**Activity**
Starting at the line that contains "Car Auto-recovery Insurance", write out every line through the last one in the records below, word for word. Leave out any pictures.
----- Given data -----
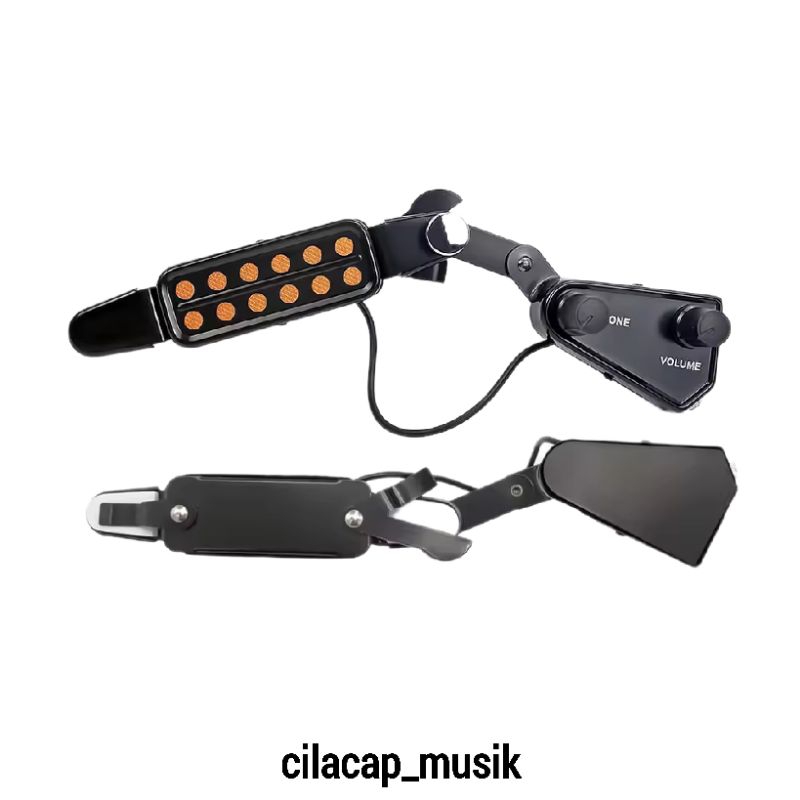 PICKUP GITAR AKUSTIK SPUL GITAR PREAMP GITAR TEMPEL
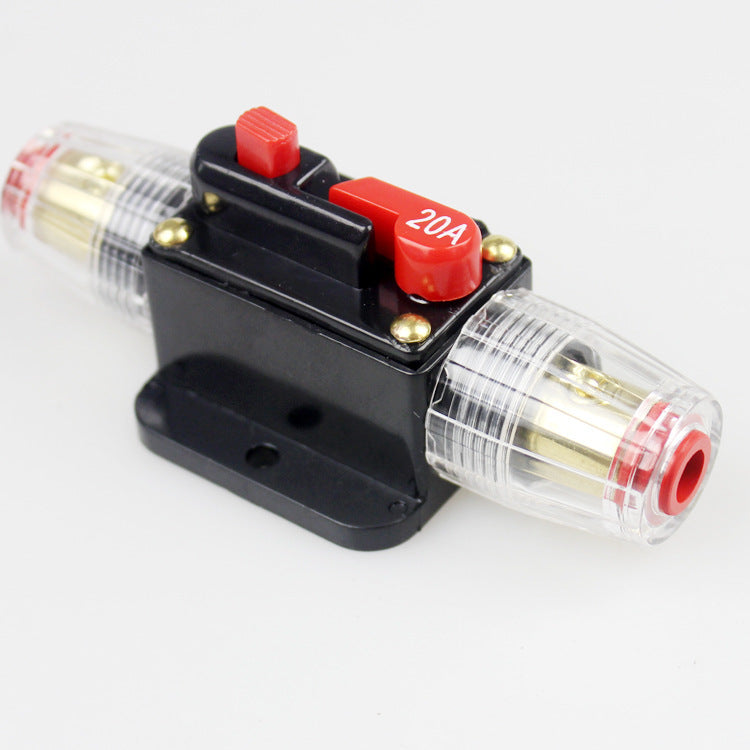 Car Auto-recovery Insurance Bladder Double Circuit Breaker Audio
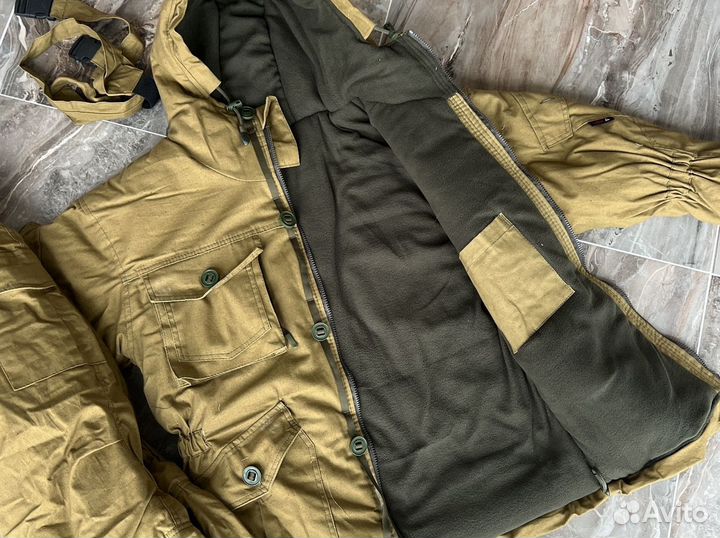 Зимний костюм Горка 8 хб. Ткань палатка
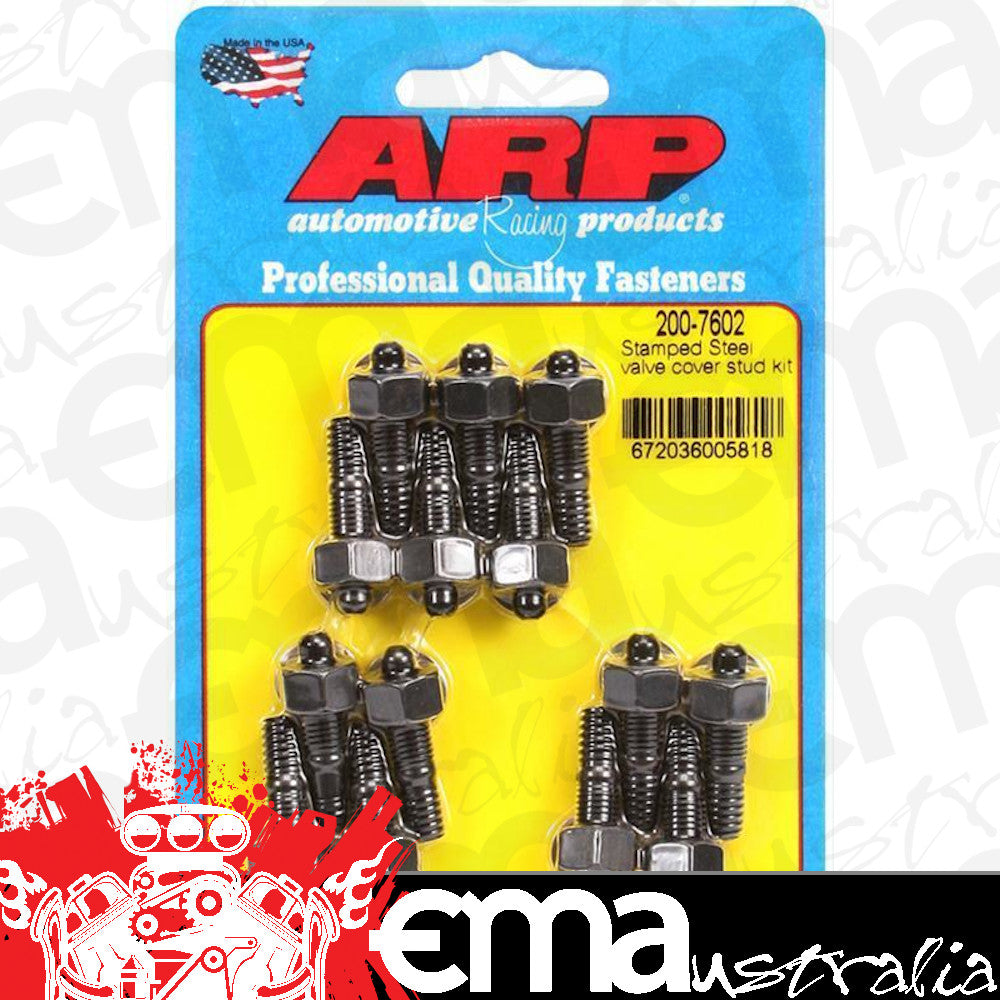ARP 200-7602 Stamped Steel Valve Cover Stud Kit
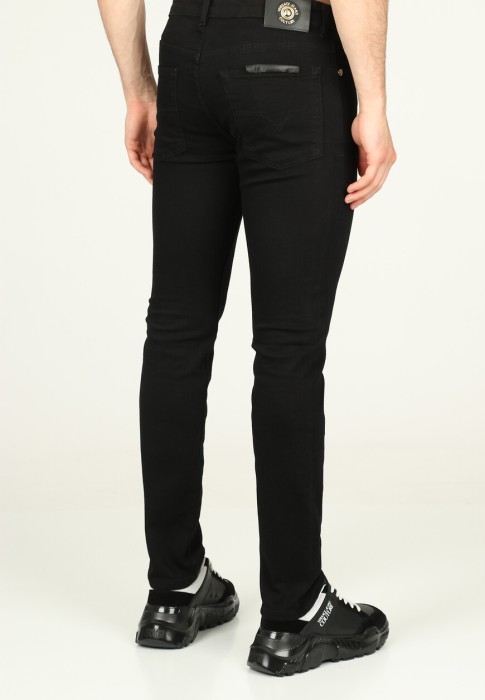 джинсы  из италии вид сбоку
-----
**Answer to this problem**
 Car Auto-recovery Insurance Bladder Double Circuit Breaker Audio
 Зимний костюм Горка 8 хб. Ткань палатка
ARP 200-7602 Stamped Steel Valve Cover Stud Kit
 джинсы  из италии вид сбоку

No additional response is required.